TASK DESCRIPTION:
Please repeat the lines below exactly. Begin with the line containing "CH Women\'s Bracelet" and go on through the line containing "Man Cage 12".
--- DATASET RECORDS ---
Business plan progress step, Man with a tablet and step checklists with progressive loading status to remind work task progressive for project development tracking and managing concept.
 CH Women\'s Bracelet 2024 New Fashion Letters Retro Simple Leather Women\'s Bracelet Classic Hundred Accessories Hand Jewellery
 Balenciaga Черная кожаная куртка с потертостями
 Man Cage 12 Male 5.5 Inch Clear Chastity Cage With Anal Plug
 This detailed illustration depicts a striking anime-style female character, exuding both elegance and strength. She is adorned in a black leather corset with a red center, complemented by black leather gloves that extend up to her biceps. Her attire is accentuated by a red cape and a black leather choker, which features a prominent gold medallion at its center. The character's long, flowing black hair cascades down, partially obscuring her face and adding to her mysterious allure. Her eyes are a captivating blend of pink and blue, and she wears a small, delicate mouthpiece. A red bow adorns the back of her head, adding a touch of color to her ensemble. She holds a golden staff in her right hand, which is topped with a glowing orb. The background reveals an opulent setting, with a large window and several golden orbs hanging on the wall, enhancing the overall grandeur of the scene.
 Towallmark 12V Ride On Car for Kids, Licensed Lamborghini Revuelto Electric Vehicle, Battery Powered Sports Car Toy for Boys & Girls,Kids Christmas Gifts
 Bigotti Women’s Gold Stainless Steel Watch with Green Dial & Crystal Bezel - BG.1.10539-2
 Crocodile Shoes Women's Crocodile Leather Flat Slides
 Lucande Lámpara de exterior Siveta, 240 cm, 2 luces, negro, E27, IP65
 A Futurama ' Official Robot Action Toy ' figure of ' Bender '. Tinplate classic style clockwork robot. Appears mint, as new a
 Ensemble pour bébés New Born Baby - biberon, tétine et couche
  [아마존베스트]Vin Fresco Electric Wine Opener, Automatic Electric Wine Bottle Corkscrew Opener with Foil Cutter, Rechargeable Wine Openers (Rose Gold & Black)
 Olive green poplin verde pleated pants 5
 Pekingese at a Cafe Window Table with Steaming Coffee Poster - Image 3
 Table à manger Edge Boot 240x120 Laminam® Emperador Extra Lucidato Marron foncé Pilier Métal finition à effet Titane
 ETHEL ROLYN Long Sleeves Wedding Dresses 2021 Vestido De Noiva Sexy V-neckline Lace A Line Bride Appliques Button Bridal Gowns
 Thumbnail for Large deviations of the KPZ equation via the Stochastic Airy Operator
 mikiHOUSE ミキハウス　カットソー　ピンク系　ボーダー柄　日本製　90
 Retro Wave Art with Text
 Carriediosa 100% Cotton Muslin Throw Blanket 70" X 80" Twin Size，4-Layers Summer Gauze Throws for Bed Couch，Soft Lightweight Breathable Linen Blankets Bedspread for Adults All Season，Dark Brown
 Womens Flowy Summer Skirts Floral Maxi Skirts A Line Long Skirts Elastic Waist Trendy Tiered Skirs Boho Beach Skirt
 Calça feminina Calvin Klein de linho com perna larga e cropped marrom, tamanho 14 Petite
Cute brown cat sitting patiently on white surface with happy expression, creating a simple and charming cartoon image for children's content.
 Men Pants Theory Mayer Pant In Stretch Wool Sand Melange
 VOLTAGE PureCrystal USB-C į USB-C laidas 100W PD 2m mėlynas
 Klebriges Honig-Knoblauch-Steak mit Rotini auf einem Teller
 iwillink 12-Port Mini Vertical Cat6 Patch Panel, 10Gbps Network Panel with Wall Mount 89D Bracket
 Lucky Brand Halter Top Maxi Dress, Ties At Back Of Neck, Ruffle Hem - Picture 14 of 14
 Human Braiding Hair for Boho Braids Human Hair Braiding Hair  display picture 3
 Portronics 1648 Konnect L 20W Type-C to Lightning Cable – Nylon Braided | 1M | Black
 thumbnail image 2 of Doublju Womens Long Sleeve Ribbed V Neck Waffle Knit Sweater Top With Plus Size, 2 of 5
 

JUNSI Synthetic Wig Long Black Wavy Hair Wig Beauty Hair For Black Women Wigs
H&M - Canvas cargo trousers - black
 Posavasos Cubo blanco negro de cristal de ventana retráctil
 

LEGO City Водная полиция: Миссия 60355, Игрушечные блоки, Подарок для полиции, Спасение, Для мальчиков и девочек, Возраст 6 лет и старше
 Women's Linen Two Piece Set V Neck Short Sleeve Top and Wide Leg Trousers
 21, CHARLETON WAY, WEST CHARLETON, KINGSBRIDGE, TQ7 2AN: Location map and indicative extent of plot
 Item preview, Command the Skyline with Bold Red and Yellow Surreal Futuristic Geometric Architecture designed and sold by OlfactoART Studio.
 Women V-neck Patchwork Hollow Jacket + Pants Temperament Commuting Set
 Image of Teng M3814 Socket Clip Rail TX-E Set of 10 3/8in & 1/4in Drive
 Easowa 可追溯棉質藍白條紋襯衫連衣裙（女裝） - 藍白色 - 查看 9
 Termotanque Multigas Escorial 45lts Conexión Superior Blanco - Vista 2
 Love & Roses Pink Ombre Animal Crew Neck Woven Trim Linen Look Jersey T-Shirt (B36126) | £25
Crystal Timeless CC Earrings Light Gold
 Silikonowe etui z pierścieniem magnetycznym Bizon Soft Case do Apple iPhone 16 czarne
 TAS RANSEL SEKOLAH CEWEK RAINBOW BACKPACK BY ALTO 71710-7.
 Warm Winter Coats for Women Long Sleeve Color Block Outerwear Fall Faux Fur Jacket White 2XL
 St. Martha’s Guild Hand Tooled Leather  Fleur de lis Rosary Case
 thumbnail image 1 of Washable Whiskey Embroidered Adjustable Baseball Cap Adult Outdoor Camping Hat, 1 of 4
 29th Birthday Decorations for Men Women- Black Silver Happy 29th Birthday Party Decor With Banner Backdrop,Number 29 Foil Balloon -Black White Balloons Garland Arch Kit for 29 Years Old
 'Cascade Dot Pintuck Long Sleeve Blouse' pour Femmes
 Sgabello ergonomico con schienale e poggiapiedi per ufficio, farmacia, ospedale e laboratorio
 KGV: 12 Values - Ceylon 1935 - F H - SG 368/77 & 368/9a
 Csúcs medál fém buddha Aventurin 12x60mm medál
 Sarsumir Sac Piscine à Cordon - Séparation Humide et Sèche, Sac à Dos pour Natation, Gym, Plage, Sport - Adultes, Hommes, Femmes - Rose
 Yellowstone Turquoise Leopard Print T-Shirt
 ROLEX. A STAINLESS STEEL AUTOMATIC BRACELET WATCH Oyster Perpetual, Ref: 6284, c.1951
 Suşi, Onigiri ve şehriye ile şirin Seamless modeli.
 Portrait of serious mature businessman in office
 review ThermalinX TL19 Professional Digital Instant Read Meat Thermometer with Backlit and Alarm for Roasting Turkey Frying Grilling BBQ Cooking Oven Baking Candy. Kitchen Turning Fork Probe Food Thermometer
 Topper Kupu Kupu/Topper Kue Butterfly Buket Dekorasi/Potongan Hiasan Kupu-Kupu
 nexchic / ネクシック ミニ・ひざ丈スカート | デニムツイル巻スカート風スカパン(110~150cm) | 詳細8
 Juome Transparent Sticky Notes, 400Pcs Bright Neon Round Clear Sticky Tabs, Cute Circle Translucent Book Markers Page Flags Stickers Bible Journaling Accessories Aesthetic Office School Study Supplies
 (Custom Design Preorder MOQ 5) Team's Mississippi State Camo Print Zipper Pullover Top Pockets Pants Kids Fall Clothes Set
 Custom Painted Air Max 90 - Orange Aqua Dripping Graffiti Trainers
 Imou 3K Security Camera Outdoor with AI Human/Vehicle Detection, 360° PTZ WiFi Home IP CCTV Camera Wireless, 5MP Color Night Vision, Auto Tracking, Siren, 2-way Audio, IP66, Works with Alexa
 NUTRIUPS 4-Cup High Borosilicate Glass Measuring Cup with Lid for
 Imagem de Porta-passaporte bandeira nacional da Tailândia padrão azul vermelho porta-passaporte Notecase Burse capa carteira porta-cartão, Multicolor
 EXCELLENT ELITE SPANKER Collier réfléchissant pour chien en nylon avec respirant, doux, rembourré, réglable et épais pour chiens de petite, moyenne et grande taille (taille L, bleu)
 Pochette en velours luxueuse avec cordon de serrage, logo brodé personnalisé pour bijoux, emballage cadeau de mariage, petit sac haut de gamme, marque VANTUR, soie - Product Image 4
---
ANSWER TO THE PROBLEM:
 CH Women\'s Bracelet 2024 New Fashion Letters Retro Simple Leather Women\'s Bracelet Classic Hundred Accessories Hand Jewellery
 Balenciaga Черная кожаная куртка с потертостями
 Man Cage 12 Male 5.5 Inch Clear Chastity Cage With Anal Plug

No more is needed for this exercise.